Do you remember the good old days when the organization started with its first Scrum team, and the new engineering kid on the block was “merely” supposed to deliver a potentially shippable Product Increment at the end of a Sprint?
The first team was to sound the bell for the upcoming change towards a learning organization. Little did we know back then about the challenges along that route. When Teams 2, 3, and 4 joined, shipping a Product Increment at the end of a Sprint became first complicated, and then complex.
It turns out that becoming Agile does not only require creating (Scrum) teams. Reaping the full benefits of becoming Agile, of becoming a learning organization built around software, also requires changing engineering practices. Nowadays, it is all about continuous value delivery.
Why It Is Beneficial to Align Scrum Teams
There are two levels of alignment that a product delivery organization needs to address when scaling Scrum.
1. Alignment at Product and Process Level
Which team builds what? The alignment at product level is required to avoid delivery optimization at the individual team level. This form of local optimization is a familiar pattern with component teams, as they are specializing in a particular technical area.
Working in this field of expertise, however, may not always deliver the most value to customers or the organization at a given moment. A task from another team that this team cannot attend to might be much more valuable by comparison.
2. Alignment at Technical Level
This level is addressing engineering practices such as Continuous Integration as well as Continuous Delivery. It is also relevant concerning the software architecture. In most cases, it is the monolith-versus-microservice architecture debate.
Signs That Your Efforts to Align Scrum Teams Are Failing
If the experiment with the first Scrum team proves successful, organizations will often start creating more Scrum teams.
No matter your engineering practices, you will quickly discover that the communication overhead will grow by comparison exponentially. This overhead growth is particularly visible to organizations that create component teams and that are working on a monolithic application.
Though the need for better communication among the Scrum teams is a no-brainer to everyone, it is interesting to observe the communication inertia between teams — even if located next to each other.
Some of the typically resulting alignment anti-patterns at the beginning are:
- “They” (meaning another Scrum team) touched “our code.” (Without approval from us; a perceived on even encouraged code ownership at the team level.)
- Deployments by individual Scrum teams happen without prior communication to the other teams, thus breaking things. (Was-working-on-our-staging-system syndrome.)
- There is no regular sharing of knowledge among teams (for example, training colleagues on new code if not ordered by the management).
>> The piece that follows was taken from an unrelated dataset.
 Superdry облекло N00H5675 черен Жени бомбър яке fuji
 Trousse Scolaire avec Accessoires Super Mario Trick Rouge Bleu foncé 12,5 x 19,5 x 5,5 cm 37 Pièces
- Scrum of Scrums meetings are not attended. Common excuses: “Scrum has so many meetings; when am I supposed to finish my work? and “Our issues are not affecting any other Scrum team.”
The Necessity to Improve Inter-Team Communication
The cause for the resulting communication overhead is dependencies between teams resulting in creating queues, waste and, thus, costs of delay.
To reduce the number of dependencies between Scrum teams, they need to be autonomous. However, autonomy without accountability equals anarchy. The process of aligning Scrum teams, therefore, needs to start at the organization’s cultural level.
Improving the culture cannot by ordered by edict from the C-level. It needs to be a journey that includes everyone affected. If Scrum teams are to move out of their comfort zones and accept accountability, failure must be a safe experience, and radical transparency needs to be embraced.
The cultural change which is required to align Scrum teams at the process level is ideally backed by a simultaneous transition to an anti-fragile or resilient system architecture.
Technical failure — no matter the effort invested upfront — will be inevitable during this change process. The effective way to deal with failure at a system level is, therefore, not to focus on preventing it from happening at all. The effective way is to create a fault-tolerant environment that excels at rolling back hazardous deploys.
First Improvised Steps to Align Scrum Teams
Changing engineering processes as well as probably the architecture of an application will take time. There are some preliminary steps, though, to start the alignment process immediately:
- First of all, avoid individual sprint lengths, and start-dates, but align the sprints of all teams instead.
- Establish a Scrum of Scrums ceremony, as well as a dependency board. (Both measures are temporary training wheels on the way to fully autonomous and aligned Scrum teams.)
- Apply the LGTM (looks good to me) process before releases. This sounds like bureaucracy but is unavoidable if otherwise disaster is lurking around the corner. (Interesting question on the side: Will the Scrum teams address this issue themselves or wait for management to solve it?)
- Establish a peer teaching and coaching program. A simple pair programming board — who wants to learn what from whom — can be a good start.
- Track technical debt with a repository of issues that need to be fixed, shared and maintained by all Scrum teams.
Align Scrum Teams by Moving to Autonomous Feature Teams
In the end, at least in my opinion, aligning Scrum teams will only work based on autonomous feature teams. Any other set-up will create too many dependencies, thus wasting money, brains, and time. It will also prevent the organization from becoming a learning one.
If you cannot move to features teams yet, here are some observations that might ease the transition:
- Continuous Integration is a prerequisite for feature teams. This process needs to work flawlessly.
- You build it, ship it, and run it. Everyone on a feature team needs to do QA. Avoid siloing quality assurance or delegating it to an individual team member.
- If you continue using feature branches, make tasks as small as possible and try to merge all branches back to master in the evening. This practice will provide everyone with instant feedback, and fixes will be less expensive (and painful).
- Start measuring lead and cycle time to identify queues.
- If you’re working on a monolith, consider moving to a microservice architecture if that is feasible.